It's not every day that you walk past 80-foot pines laying felled on the ground. That is the scene as one wanders through the apocalyptic devastation that is currently Whitworth University's campus following the historic wind storm Tuesday night. It is certainly a somber sight considering what the majestic pines mean to the Whitworth community.
The Whitworth campus has been a part of my life for three-plus years. The beautiful green grass, the noble yet understated buildings, the hundreds of trees, varying in species — these are all staples in the memories that I will hold of my days as a Pirate. There is still a large population of trees standing on campus, but estimates of 40-50 fallen trees—mostly the tall ponderosa pines—have surfaced in the days following the wind storm.
As a senior at Whitworth University, it is surreal to see the campus that I know and love in complete destruction. I snapped some photos of my point of view as I arrived on campus Friday morning.
My Day in Photographs:
The first sight as I arrived on campus Friday morning.
The worst damage occurred in the area of The Loop west of the Harriet Cheney Cowles Memorial Library. The Lindaman Center, home to the department of communication studies, philosophy and sociology, was hit hard by two Ponderosas.
Harriet Cheney Cowles Memorial Library was struck by a falling pine as well.
The path that students use to walk to classes in Hawthorne Hall. There are numerous reroutes of walking paths all over the Whitworth campus.
A large pine descended upon the roof of Hawthorne Hall Tuesday night. Although the tree has been cleared from the roof, a prominent branch can still be seen impaling the roofing (top left).
Several other Ponderosa Pines near Hawthorne Hall lost their battle with the wind on Tuesday night.

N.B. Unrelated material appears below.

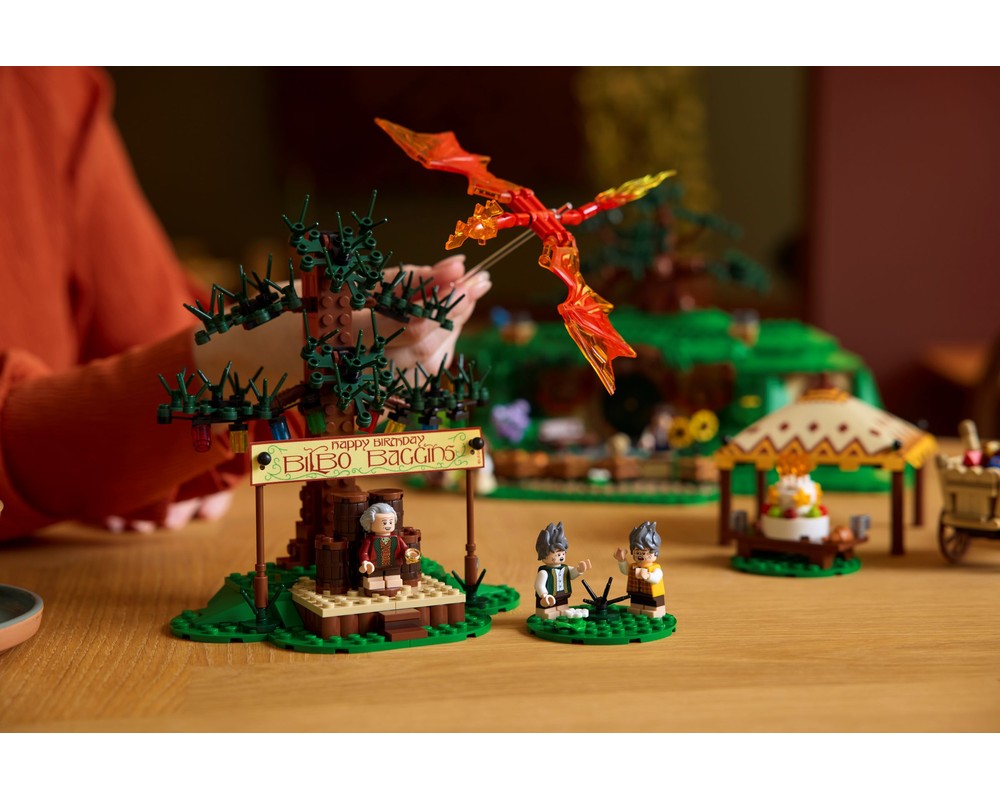 LEGO® The Lord of the Rings: The Shire™ 10354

It is not easy for the Whitworth community to see the Pine Curtain in such a state. Surely the trees that fell will be replaced, but it will take decades for the young trees to fill the shoes of their towering predecessors. However, amidst the chaos and sadness there is a lot to be grateful for. With three significant buildings hit and 40-50 trees down, it is truly a miracle that nobody got hurt.
Classes resumed Thursday thanks to overnight efforts by hired contractors, and university maintenance staff continues to work to clear the fallen trees.